- **Dataset entries**
•••••

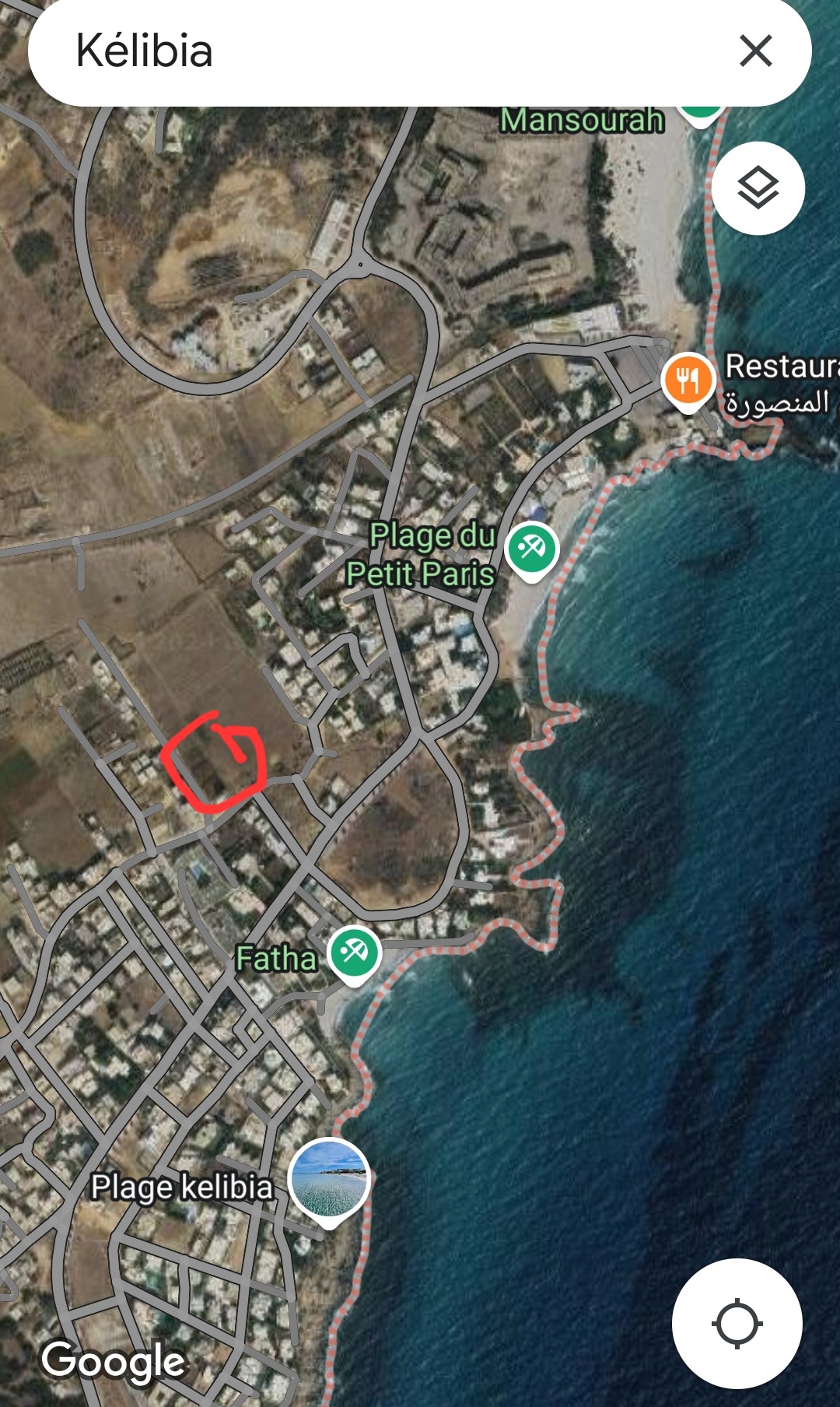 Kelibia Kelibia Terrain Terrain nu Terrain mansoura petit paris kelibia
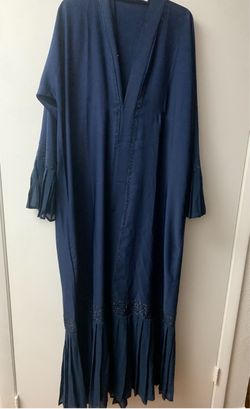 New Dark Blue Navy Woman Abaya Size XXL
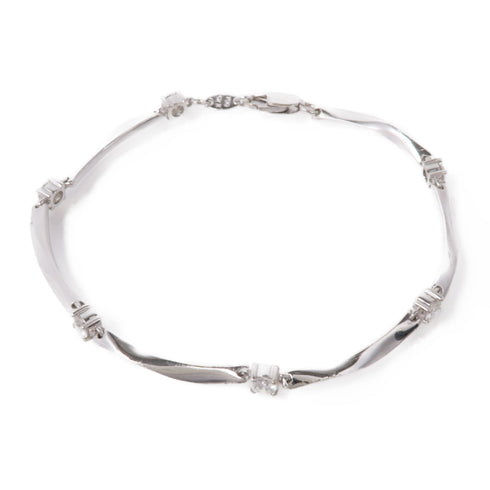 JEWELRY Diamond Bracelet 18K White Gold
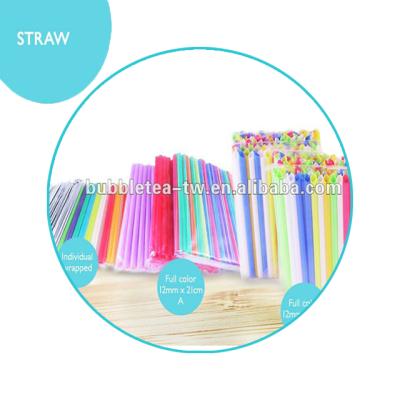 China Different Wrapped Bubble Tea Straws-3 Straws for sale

•••••

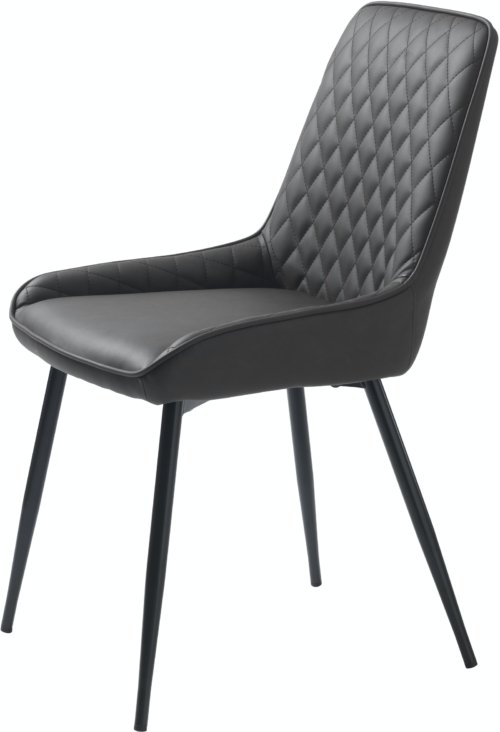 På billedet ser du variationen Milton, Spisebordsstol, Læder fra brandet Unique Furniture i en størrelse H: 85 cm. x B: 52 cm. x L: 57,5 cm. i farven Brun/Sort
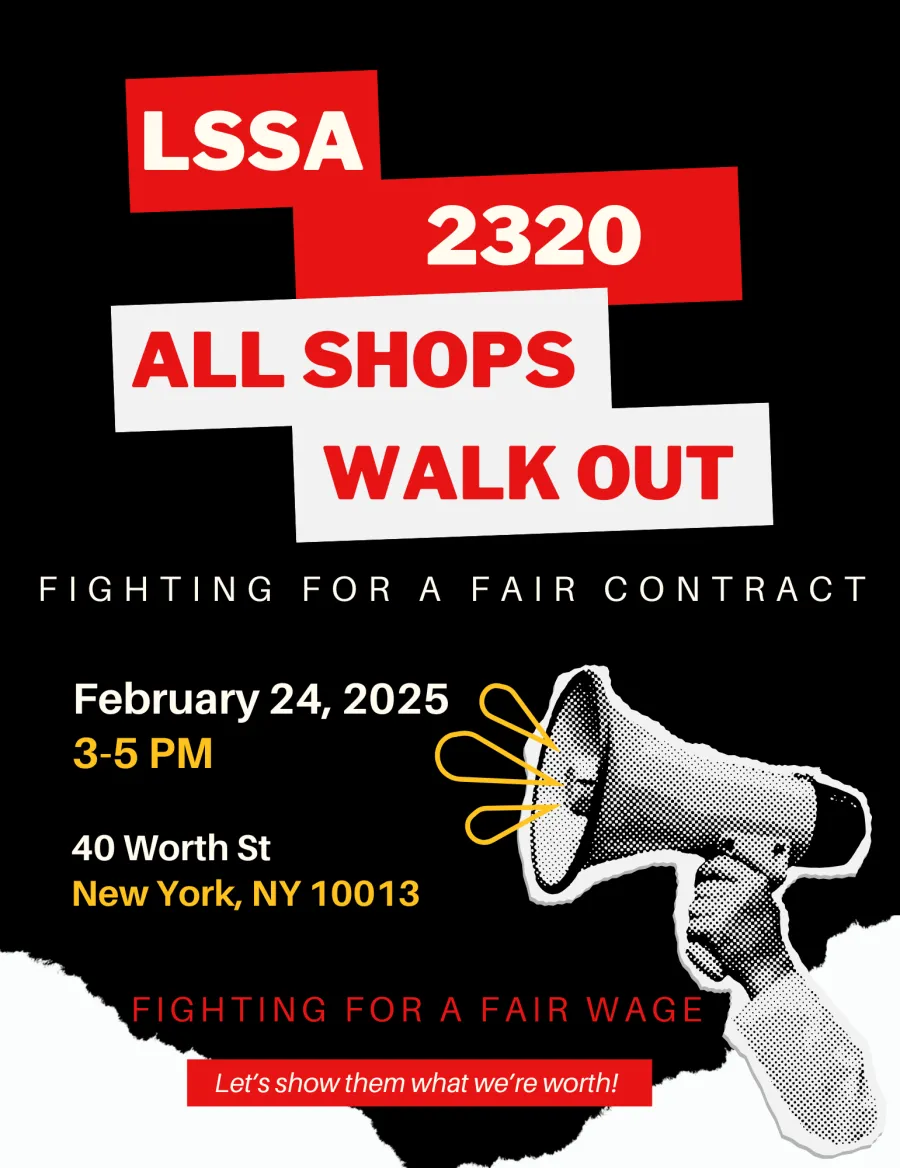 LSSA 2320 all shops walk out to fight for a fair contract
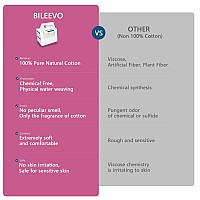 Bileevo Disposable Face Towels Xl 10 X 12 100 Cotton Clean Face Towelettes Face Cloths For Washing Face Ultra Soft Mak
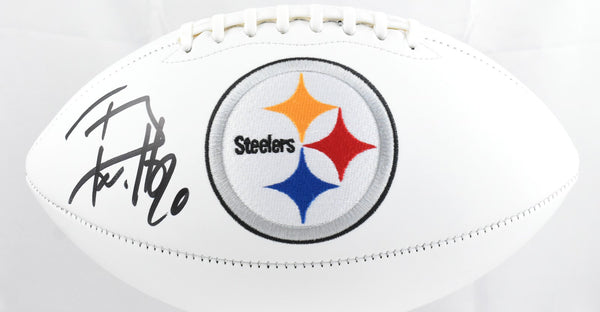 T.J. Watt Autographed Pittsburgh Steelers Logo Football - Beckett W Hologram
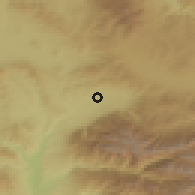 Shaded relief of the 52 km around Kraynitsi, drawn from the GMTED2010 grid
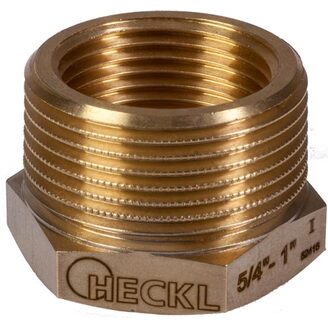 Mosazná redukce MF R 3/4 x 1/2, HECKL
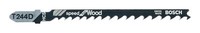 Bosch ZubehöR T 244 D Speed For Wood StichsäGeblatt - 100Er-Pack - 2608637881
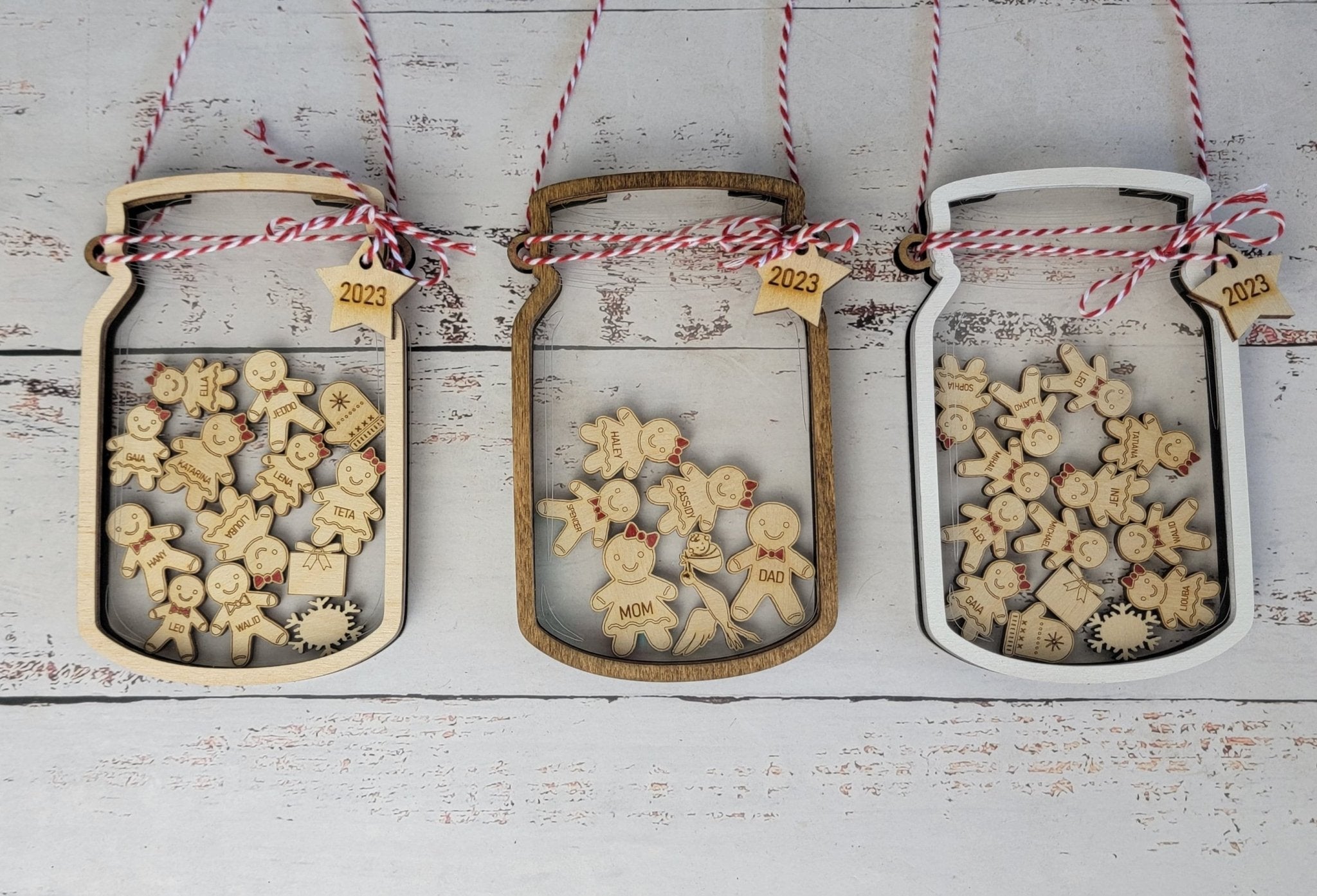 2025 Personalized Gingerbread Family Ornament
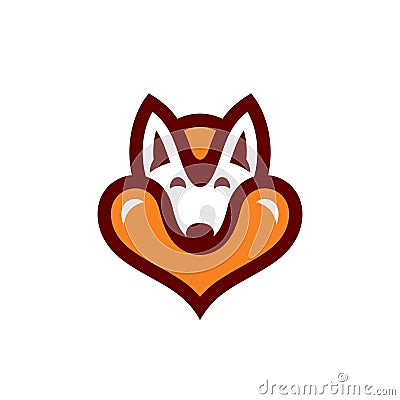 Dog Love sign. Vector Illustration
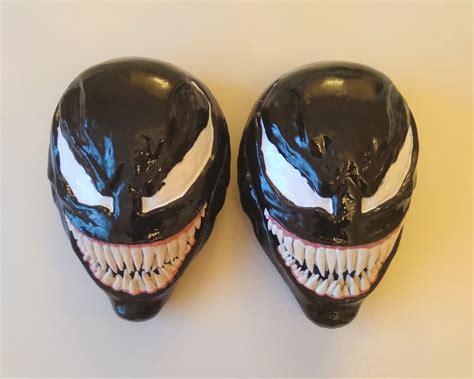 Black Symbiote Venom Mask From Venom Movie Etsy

•••••

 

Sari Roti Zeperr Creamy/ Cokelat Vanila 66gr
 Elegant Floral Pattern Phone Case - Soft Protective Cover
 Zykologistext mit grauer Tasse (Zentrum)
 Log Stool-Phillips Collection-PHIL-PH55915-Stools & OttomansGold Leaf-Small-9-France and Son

•••••

Look above for the line containing "Bileevo Disposable Face" and the line containing "Black Symbiote Venom", then reproduce both and everything between them exactly, pictures omitted.

- **Task solution**
 Bileevo Disposable Face Towels Xl 10 X 12 100 Cotton Clean Face Towelettes Face Cloths For Washing Face Ultra Soft Mak
 T.J. Watt Autographed Pittsburgh Steelers Logo Football - Beckett W Hologram
 Shaded relief of the 52 km around Kraynitsi, drawn from the GMTED2010 grid
 Mosazná redukce MF R 3/4 x 1/2, HECKL
 Bosch ZubehöR T 244 D Speed For Wood StichsäGeblatt - 100Er-Pack - 2608637881
 2025 Personalized Gingerbread Family Ornament
 Dog Love sign. Vector Illustration
 Black Symbiote Venom Mask From Venom Movie Etsy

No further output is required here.